Key Biscayne officials say they will be proposing legislation in a few weeks to deal with a surge in the number of motorized scooters that are zipping around the village, hearing from residents who say they are dangerous for both riders and pedestrians.
At a forum called by the Village last month, Manager Steve Williamson and Police Chief Frank Sousa outlined potential regulations such as requiring helmets and even age restrictions.
But the sentiment from about 30 residents was to be even more restrictive.
Resident Lucia Marin said the scooters need to be banned from Village sidewalks entirely.
“There is no way to have a vehicle moving at 30 miles-per-hour on a sidewalk,” she said. “I just don’t want to see a dead kid — mine or someone else’s.”
Sousa said officers noted a large increase in the motorized scooters early in the year, and was working with Village Attorney Chad Friedman to draft a proposed ordinance for review by the Village Council in April.

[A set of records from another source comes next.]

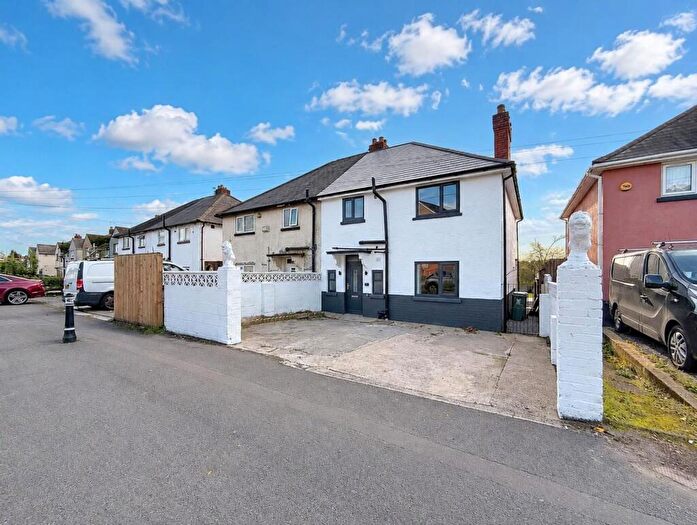 3 Bedroom Semi-Detached House For Sale In North Road, Cardiff, CF14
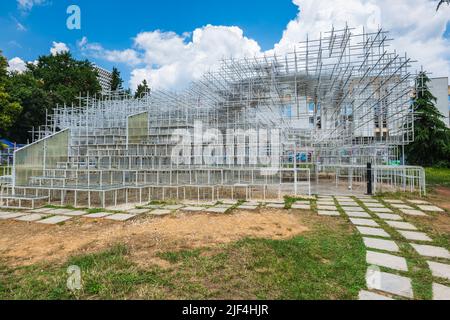 Tirana, Albanien - Juni 2022: Die Kunstinstallation Cloud im Zentrum von Tirana, Albanien. Die Wolke ist eines der neuen kulturellen Wahrzeichen Tiranas Stockfoto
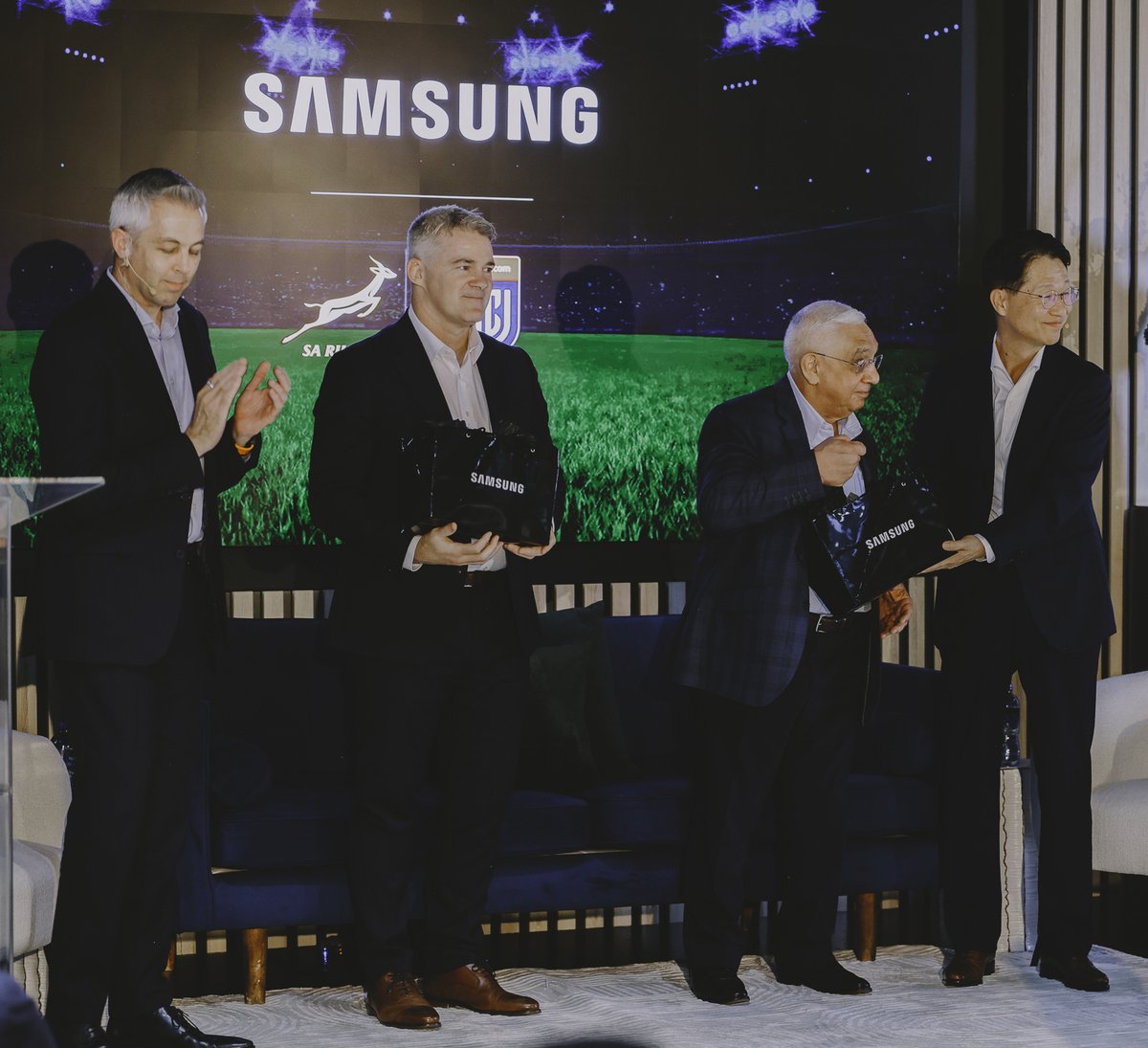 Samsung Mobile SA tweet media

“I think every kid got a scooter for Christmas.” He said there were four accidents involving scooters in his first week as chief.
But neither he nor Williamson were specific about the level of regulation that is needed, which other approaches including more community education or special “dismount zones.” Sousa said that while the Village has the ability to issue regulations, overly-steep fines or harsh regulations could be subject to court challenge. “We want them to be safe and legal,” he said.

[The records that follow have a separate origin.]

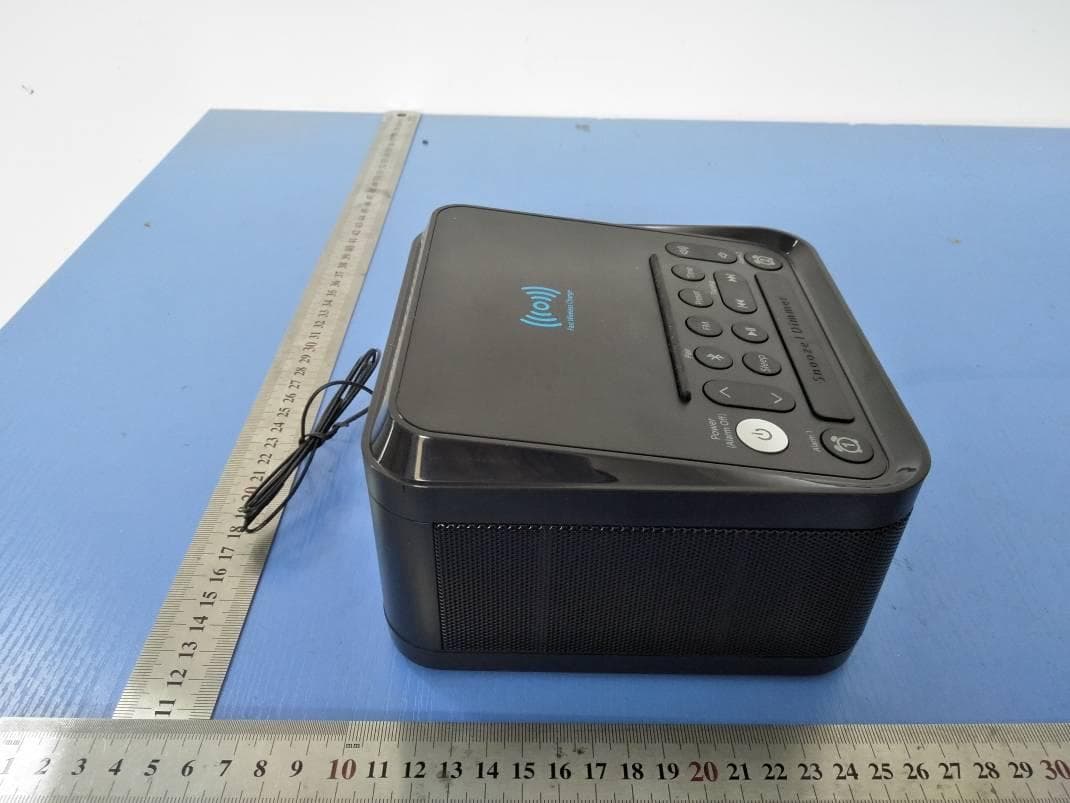Bluetooth Alarm Clock Speaker with Wireless charger and FM Radio - FCC ID OKU32A541 - Shenzhen Junlan Electronic Ltd (4)
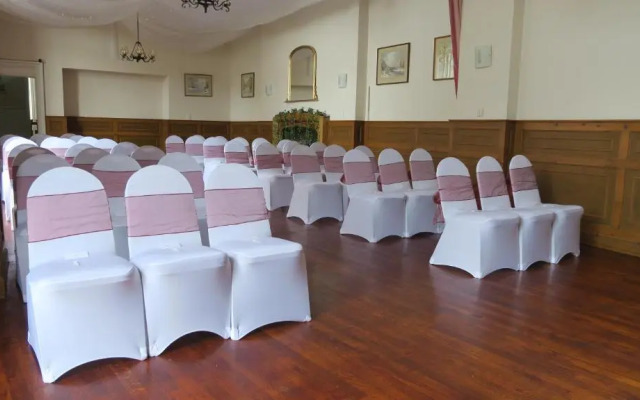 George and Abbotsford Hotel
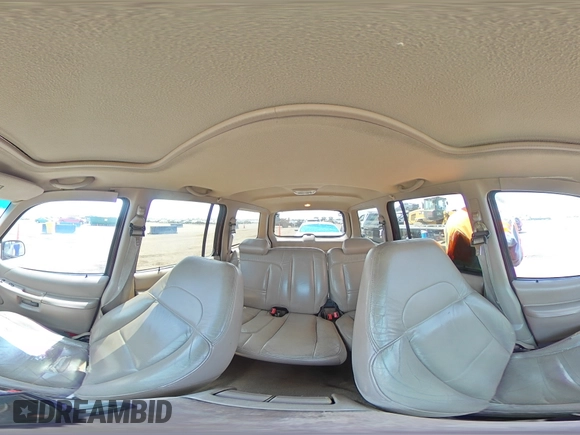 2000 Ford Explorer Eddie Bauer с VIN 1FMDU84P3YZA71207, выставлен на аукционе Copart как лот 58270915 с пробегом 188 096 миль миль и Списание • Salvage title. История ставок и продаж доступна на DreamBid. Изображение 15.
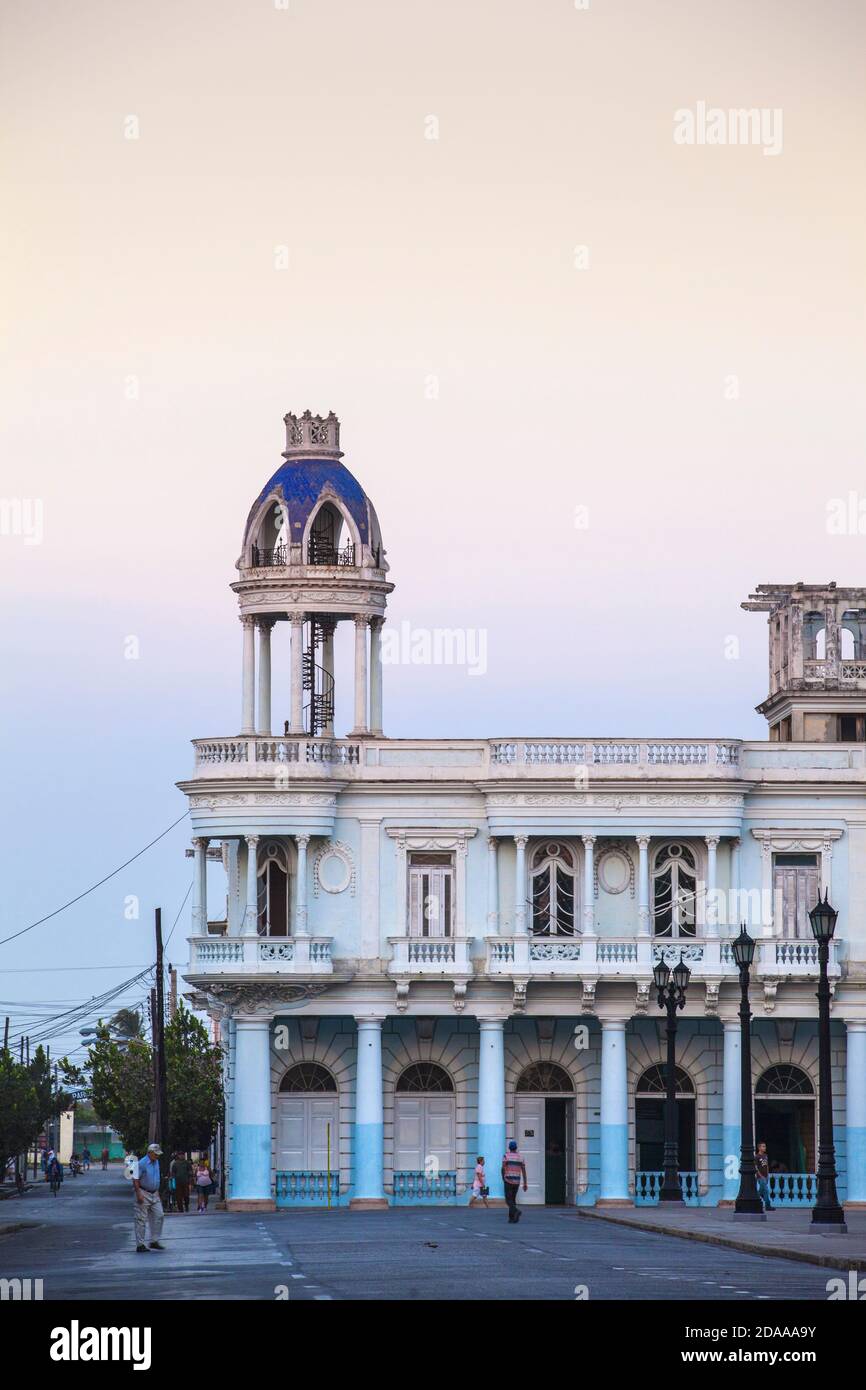 Cuba, Cienfuegos, Casa de la Cultura Beniamino Duarte - ex Palacio de Ferrer (1918) Foto Stock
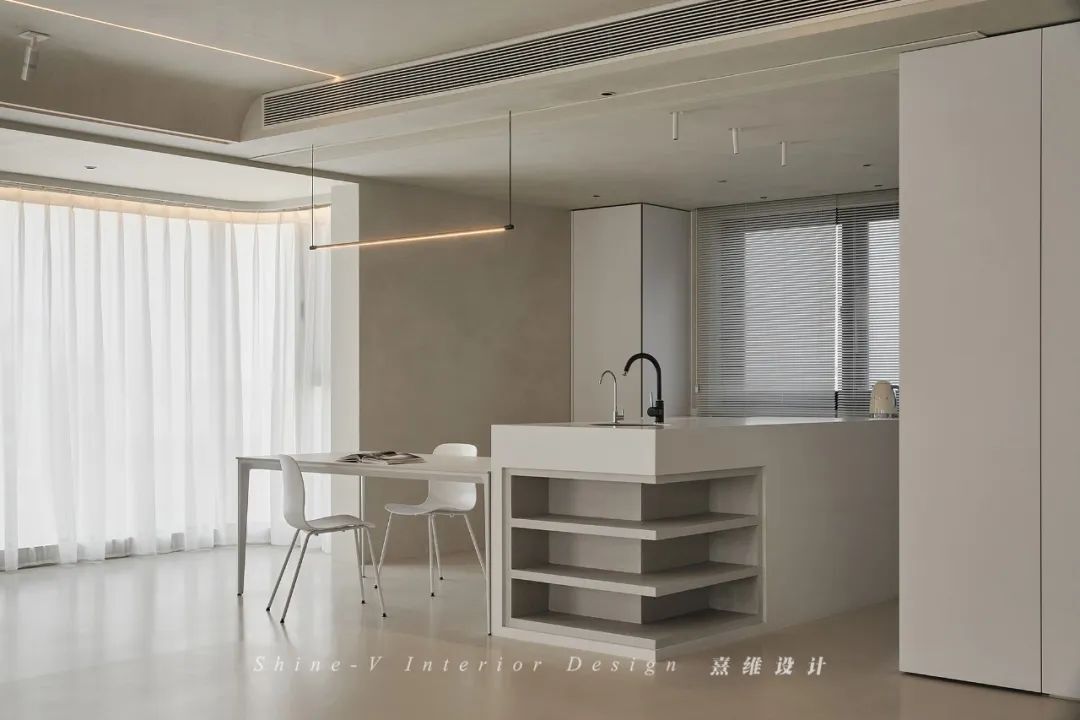 《疏逸》230㎡奶油感磐多魔，空间打开、光影纵横，自在气息满屋穿梭 | 熹维设计设计案例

There is also the transportation impact. Sousa said at a meeting with island school principals, he learned the devices are evolving into a primary mode of transportation to and from school. School leaders are now requiring helmets — but residents said children often take them off when they’re not on school grounds.
Left unstated: the cost of assigning police to enforce a new raft of rules. The Village has struggled for years to enforce local rules covering golf carts, sometimes with mixed results.

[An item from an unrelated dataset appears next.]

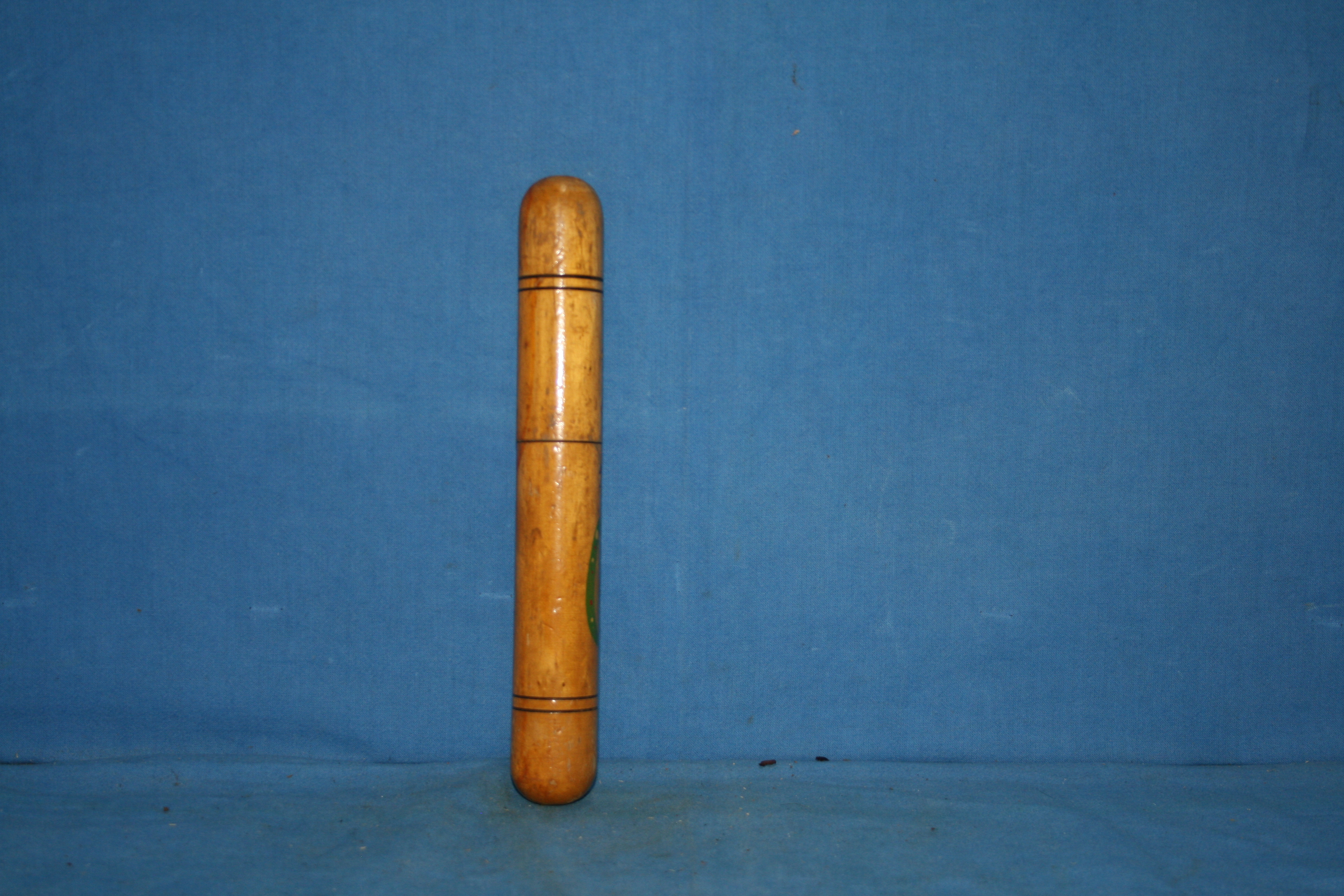 art nr: 1104 vintage houten haaknaalden koker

Scooters are considered “micromobility devices” under a law passed in 2019, and operators have “all the rights and duties applicable to the rider of a bicycle” under the statute. However, municipalities can issue their own regulations, and several Florida communities have done so.
At Tuesday’s meeting, not all the concern came from adults. Spencer Bustos-Roeseller, a seventh grader, spoke up at the meeting to talk about a February collision with a motorized bicycle that left a several-inch scar on his right leg. “It should be that scooters aren’t allowed on the Village Green,” he said.
Williamson said the Village has to balance interests — and be wary of unintended consequences.
“We don’t want them on the sidewalks because of all the conflict that can happen. Do we put them on Crandon? That’s the problem.”